Una vez violada la inocencia, ya no es tan fiero el vampiro como nos lo pintan. Por ejemplo la edición de “La Tumba de la Isla Maldita” es una cosa demencial, una demostración que ni directores adicionales ni la resurrección de raíces góticas puede salvar una película de tan bajo presupuesto. Curiosamente, algunos encuadres si poseen esa plasticidad expresionista tan europea de la época. Más por casualidad que por méritos propios, la confusión adueñándose de los últimos minutos de la cinta –por ejemplo durante el esperpéntico juicio sumario a Hannah– concede una patina onírica que, no lo neguemos, confirma la inutilidad de su equipo artístico.
No tanto del interpretativo, el cual salva las castañas del fuego más allá de la Gimpera. Se lleva el gato al agua un exageradísimo Mark Damon, ejerciendo de escritor seducido por los cantos de sirena. Unos ojos obsesivos hablan de noches de alcohol en Turquía, donde se rodó de hecho la película, pero esa es la magia del cine antes de la era de las salas comerciales: la genialidad estaba a un paso de la locura, y los encendidos soliloquios de Damon suponen un refrescante insulto al método Stanislavski. Al respecto de su personaje sólo comentar lo mal aprovechado que está, desde el primer minuto sabemos de su adoración hacia Hannah debido a unos fotogramas que uno quiere creer como accidentales. De tal manera, los siervos de la vampira, pues tiene seguidores humanos, pierden cualquier atisbo de peligrosidad… ¿un hombre salvaje? ¡No me jodas!
Al lado de Damon pero no menos importantes, Andrew Pine, como aguerrido neoyorkino, y Patty Shepard (“El Monte de las Brujas”, “y si no, nos enfadamos”), como la damisela en apuros. A pesar de portar sobre sus hombros un mayor peso argumental, demuestran no estar tanto a la altura si no es por seguir al dedillo el recetario de actuaciones alienadas y distantes que hicieron del terror una cosita muy alucinógena tras los desmanes de Estados Unidos en Vietnam.

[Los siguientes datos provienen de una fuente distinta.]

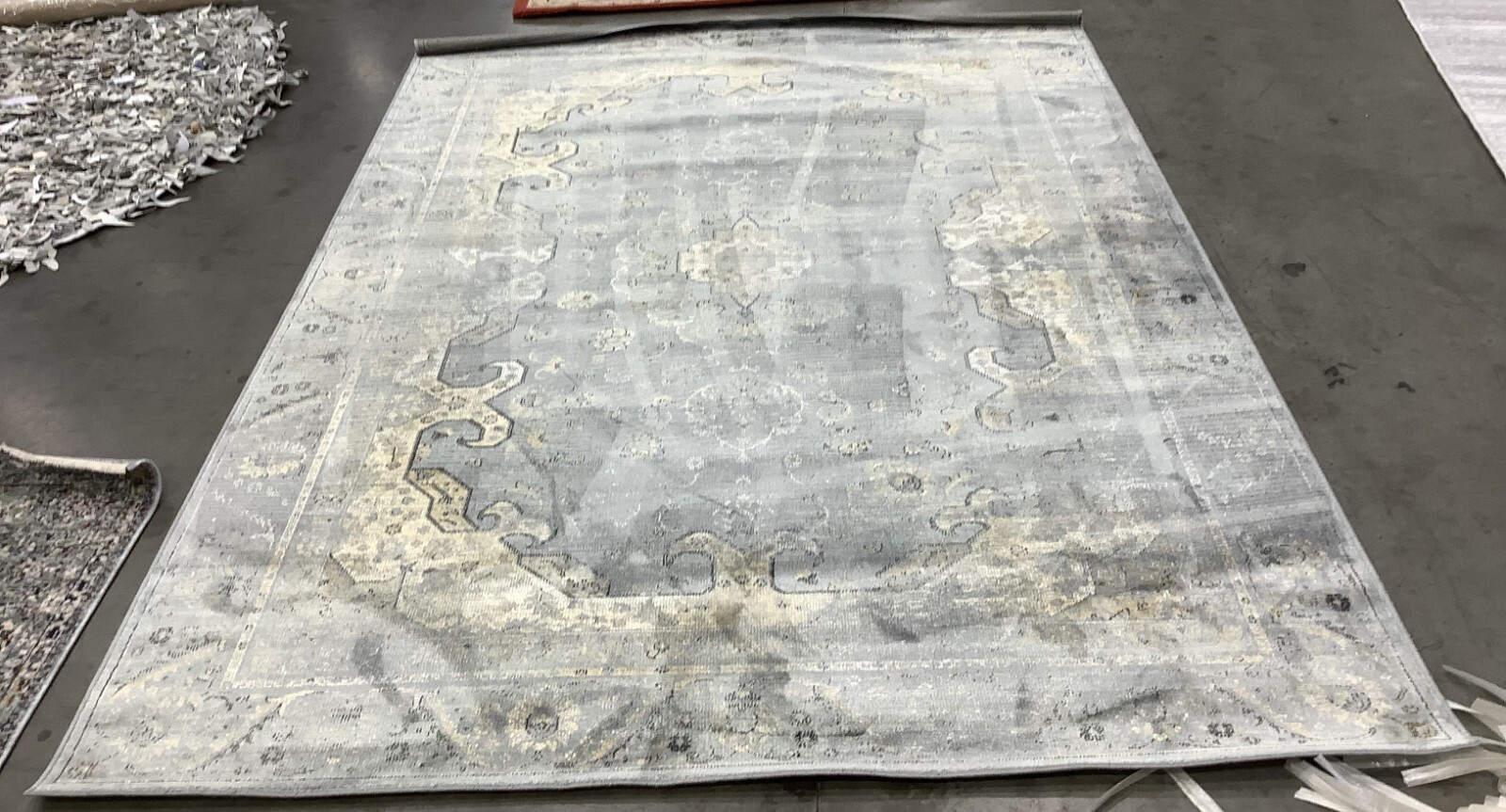 GREY / MULTI 5′-3″ x 7′-6″ Back Stain Rug Reduced Price 1172678770 VTG137-2770-5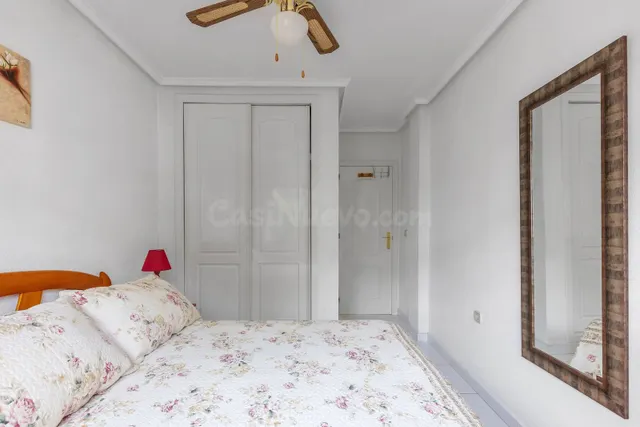Apartamento de 2 dormitorios 1 baño en punta prima ( orihuela costa ) — 16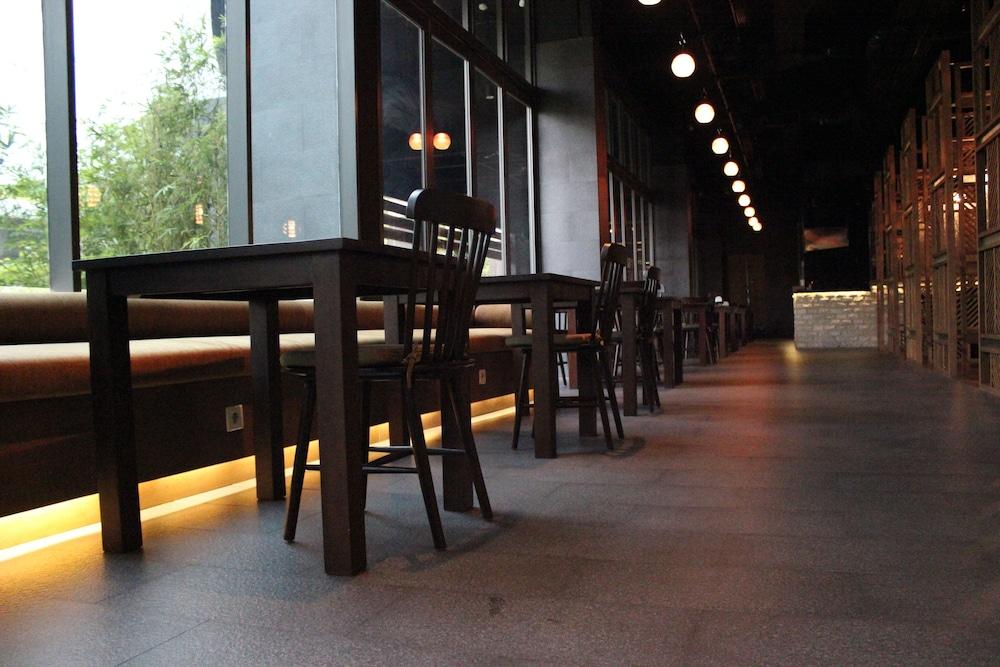 Veranda Hotel Pakubuwono Джакарта Экстерьер фото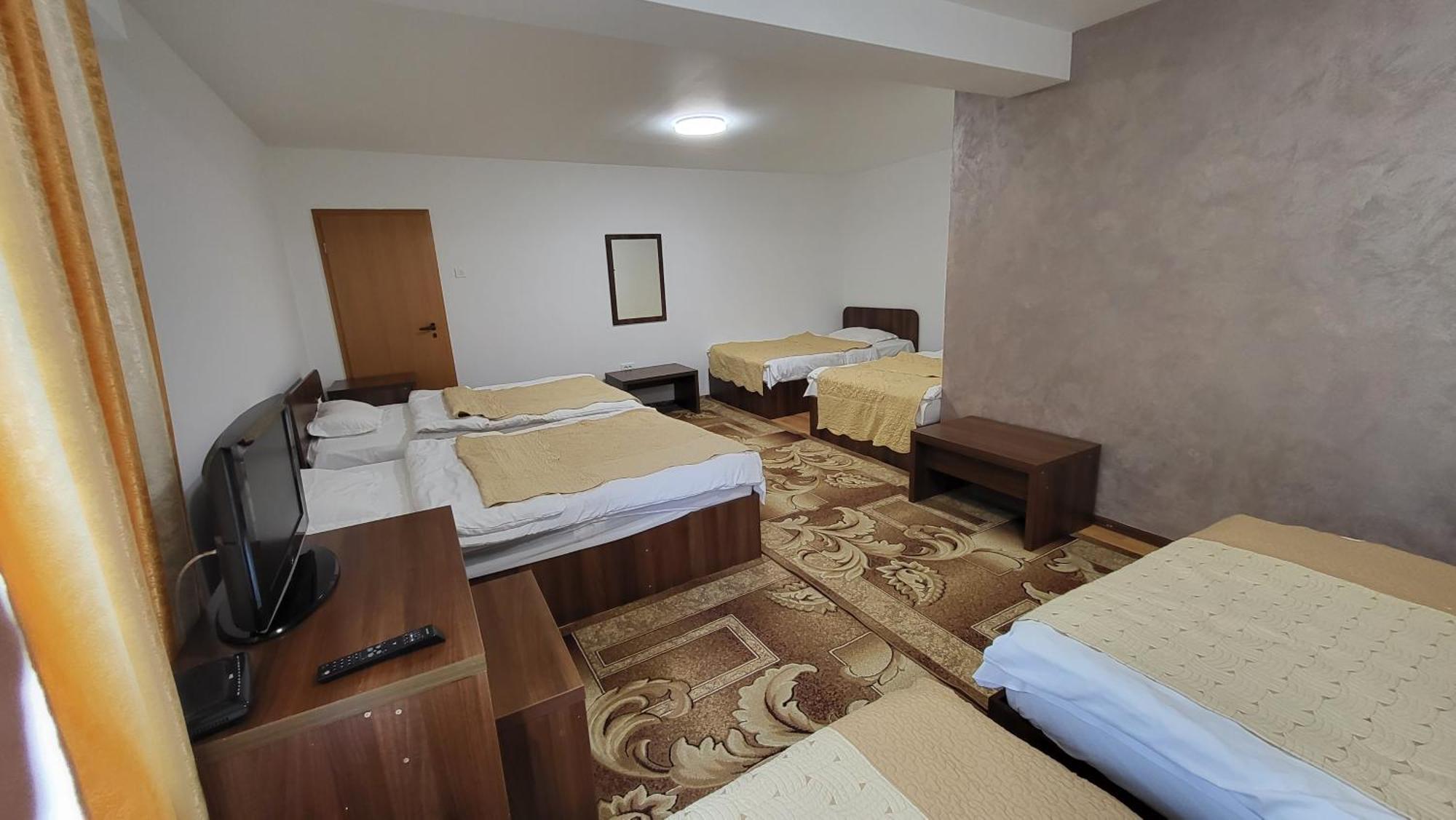 Boutique Global Aparthotel Μπρασόβ Εξωτερικό φωτογραφία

En definitiva, una obra menor sobre vampirismo que no pasa el test del tiempo por ninguna de sus facetas. Sí demuestra un hacer que se ha perdido, el del artesano criado con la literatura pulp, y unas características estéticas entrañables. Esas que recuerdan a los veranos de muchos españoles junto a la costa mediterránea, donde el bochorno nocturno hacía presagiar el ataque de seductoras vampiresas envueltas en un traje tan blanco como lánguido. Un cliché romántico que no tiene cabida en el imaginario adolescente actual. Es decir, “La Tumba de la Isla Maldita” es bastante mala, lastrada a veces por un ritmo y un vacío narrativo que rozan lo absurdo, pero también goza del encanto genuino de un tiempo pasado, quién sabe si mejor.

¿Volverán las noches de los colmillos largos?

Lo mejor: Un alucinado Mark Damon y una evanescente Teresa Gimpera.

Lo peor: Los años le pesan como la losa de una cripta.